Lorna V's career in journalism began with financial, trade and business publications, moving into national tabloid and broadsheet newspapers, niche health titles, mass market and glossy magazines. She has written about all aspects of lifestyle including fashion and interiors, health and fitness, food and travel, wellbeing and relationships. Her editing experience includes four years as Time Out's Sell Out (consumer-lifestyle). She has written Psychologies magazine's first branded book, Real Confidence (published by Capstone/Wiley in February 2016) and is currently working on Real Ambition as well as continuing to contribute to the magazine. Lorna's first play was short-listed for the Verity Bargate award, and she was on attachment to the Soho Theatre for one year.

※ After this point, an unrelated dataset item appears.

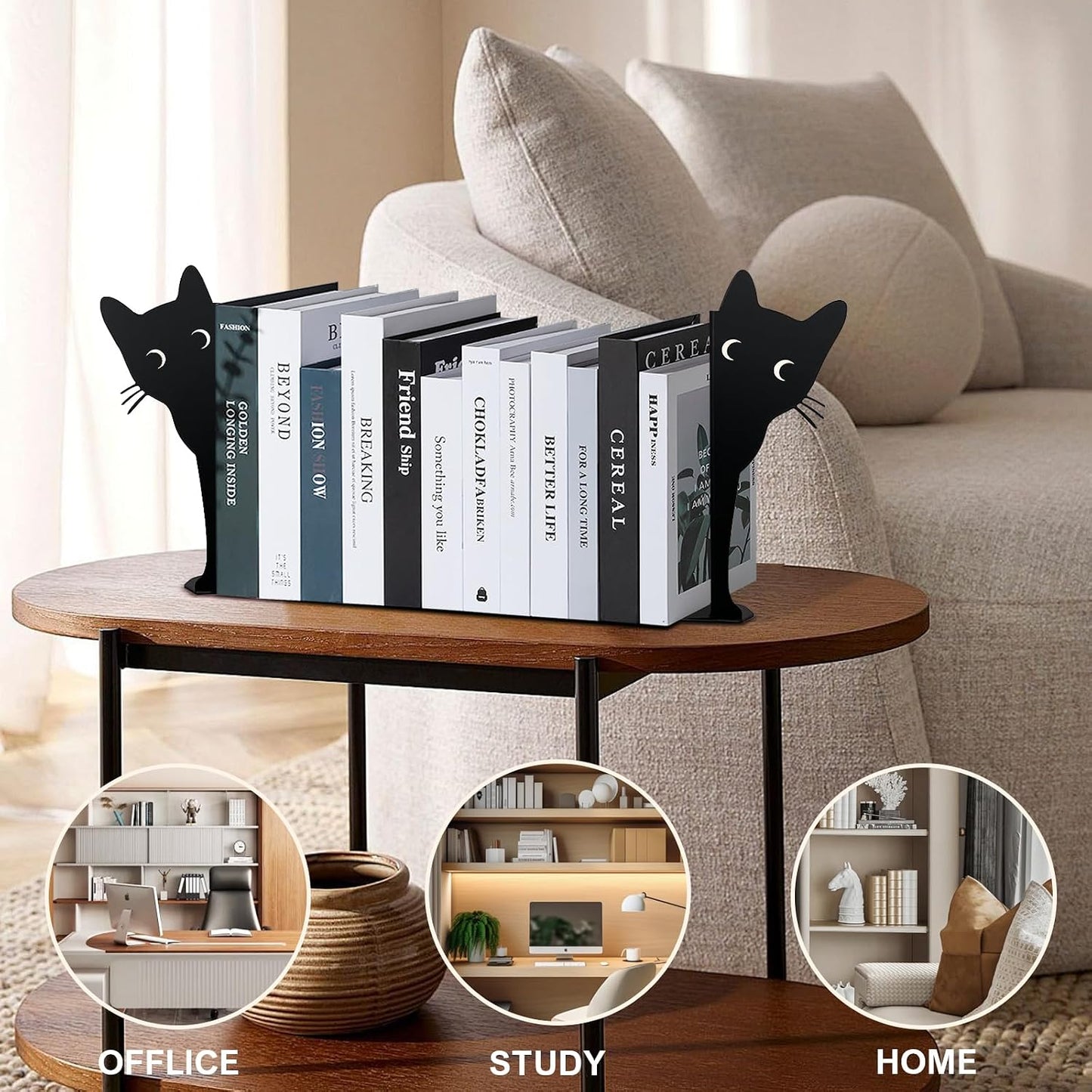 Metal Book Ends for Heavy Books / Black Cat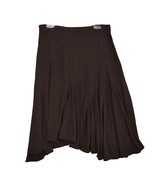 MICHAEL KORS Sz M Slinky Stretch Asymmetrical Brown Midi Skirt Y2K Grung... - £19.15 GBP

She has recently performed her work at the Chelsea Arts Collective, the Lion & Unicorn theatre and Battersea Arts Centre. Lorna's lectures and workshops in journalism for the London School of Journalism draw on her interest in psychology and aim to inspire students to find their unique, authentic writing voice.

Chris Wheal is an award-winning freelance journalist, editor and trainer, who has become a specialist in online journalism, including running websites for AOL. He spent 20 years in print, editing B2B magazines and supplements in the Guardian as well as writing for men's mags, women's glossies and writing serious political commentary and economics analysis for the likes of Time Out and New Statesman. He spent two years writing, processing and publishing early morning web news for Insurance Times, often writing eight stories between 6am and 8am every day. He launched and ran Daily Finance for AOL, then merged it with sister title, Walletpop to create AOL Money, which he launched before handing over to a full-time editor. He also has his own start-up website and phone app called The Zebra.